▸ Material shown
>>>

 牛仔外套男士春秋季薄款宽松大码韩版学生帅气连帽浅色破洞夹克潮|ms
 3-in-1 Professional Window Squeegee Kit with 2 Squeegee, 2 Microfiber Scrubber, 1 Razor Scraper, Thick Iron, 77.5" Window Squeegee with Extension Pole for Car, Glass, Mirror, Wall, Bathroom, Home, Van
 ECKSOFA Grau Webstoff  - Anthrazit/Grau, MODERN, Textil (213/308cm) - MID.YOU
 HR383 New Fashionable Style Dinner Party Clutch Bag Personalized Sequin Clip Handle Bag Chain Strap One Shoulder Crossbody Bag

<<<
>>>

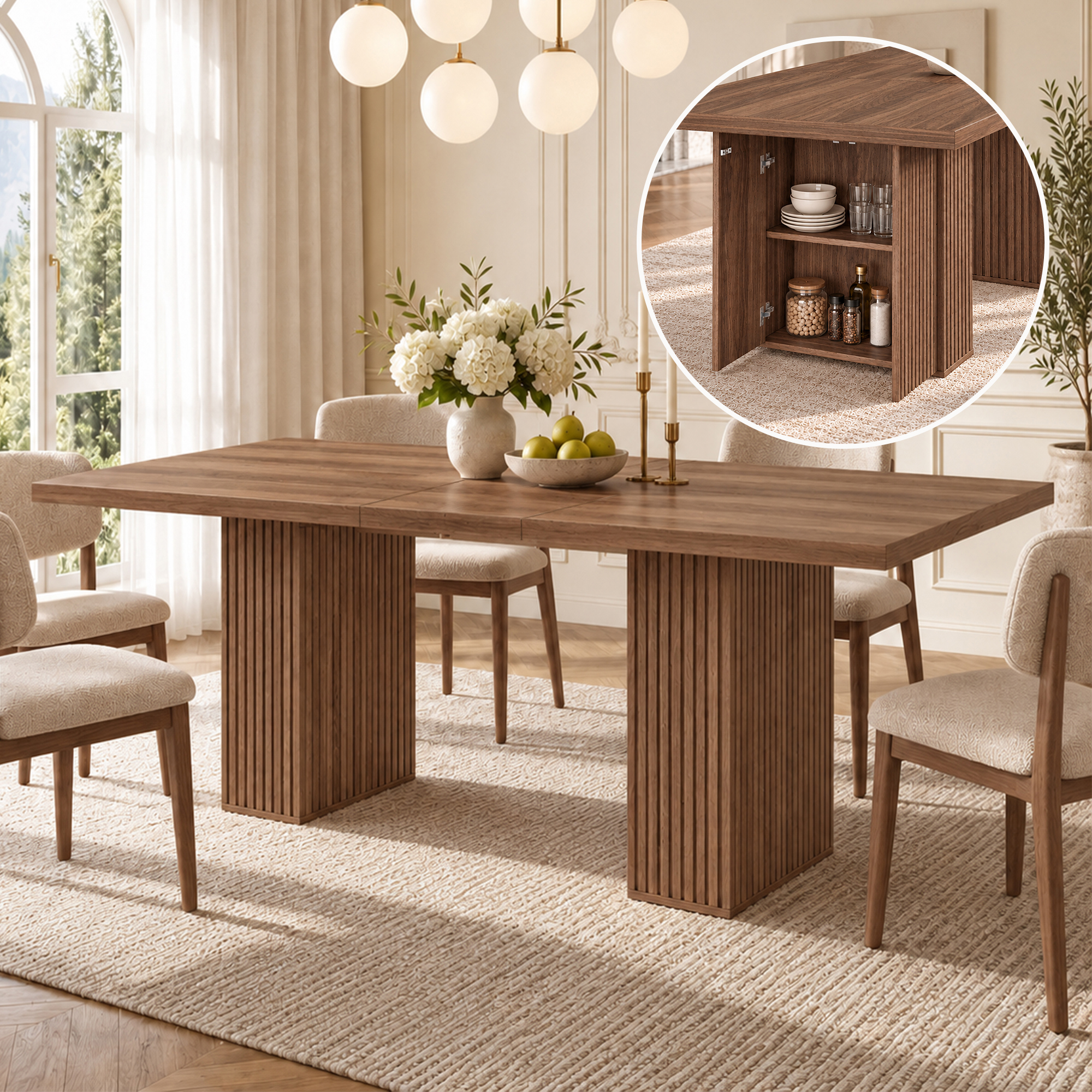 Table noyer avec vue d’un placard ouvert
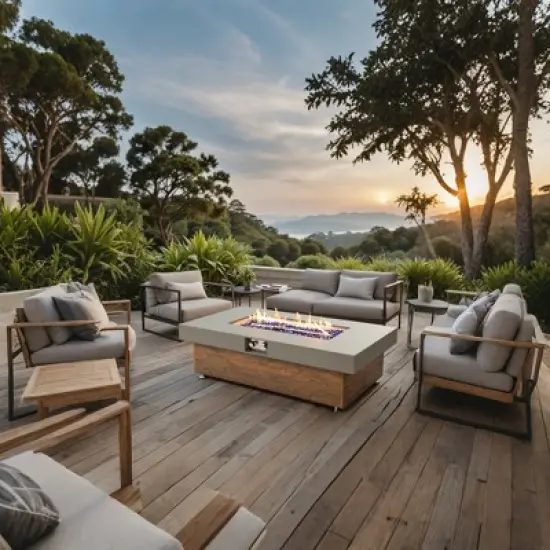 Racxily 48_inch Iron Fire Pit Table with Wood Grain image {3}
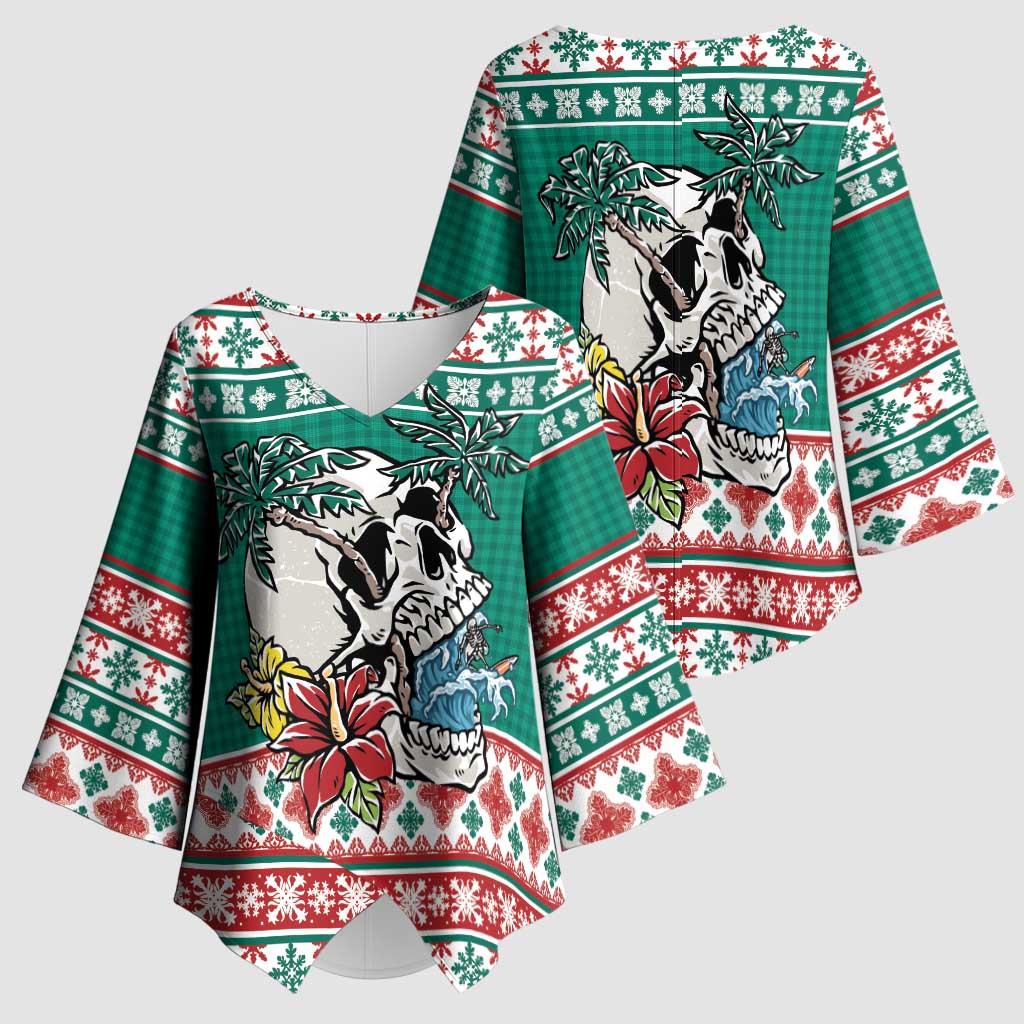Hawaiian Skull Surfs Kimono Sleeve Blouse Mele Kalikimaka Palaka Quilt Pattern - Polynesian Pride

<<<
>>>

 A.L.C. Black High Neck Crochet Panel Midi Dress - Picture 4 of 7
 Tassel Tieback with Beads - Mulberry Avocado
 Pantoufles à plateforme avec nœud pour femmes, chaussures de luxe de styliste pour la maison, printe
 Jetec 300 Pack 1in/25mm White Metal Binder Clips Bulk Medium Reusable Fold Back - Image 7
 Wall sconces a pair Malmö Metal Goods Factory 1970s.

<<<

▸ Try it
Repeat exactly the lines of the listing above, from the one with "A.L.C. Black High" down to the one with "Wall sconces a"; both of those lines belong in the range.

▸ Answer space
 A.L.C. Black High Neck Crochet Panel Midi Dress - Picture 4 of 7
 Tassel Tieback with Beads - Mulberry Avocado
 Pantoufles à plateforme avec nœud pour femmes, chaussures de luxe de styliste pour la maison, printe
 Jetec 300 Pack 1in/25mm White Metal Binder Clips Bulk Medium Reusable Fold Back - Image 7
 Wall sconces a pair Malmö Metal Goods Factory 1970s.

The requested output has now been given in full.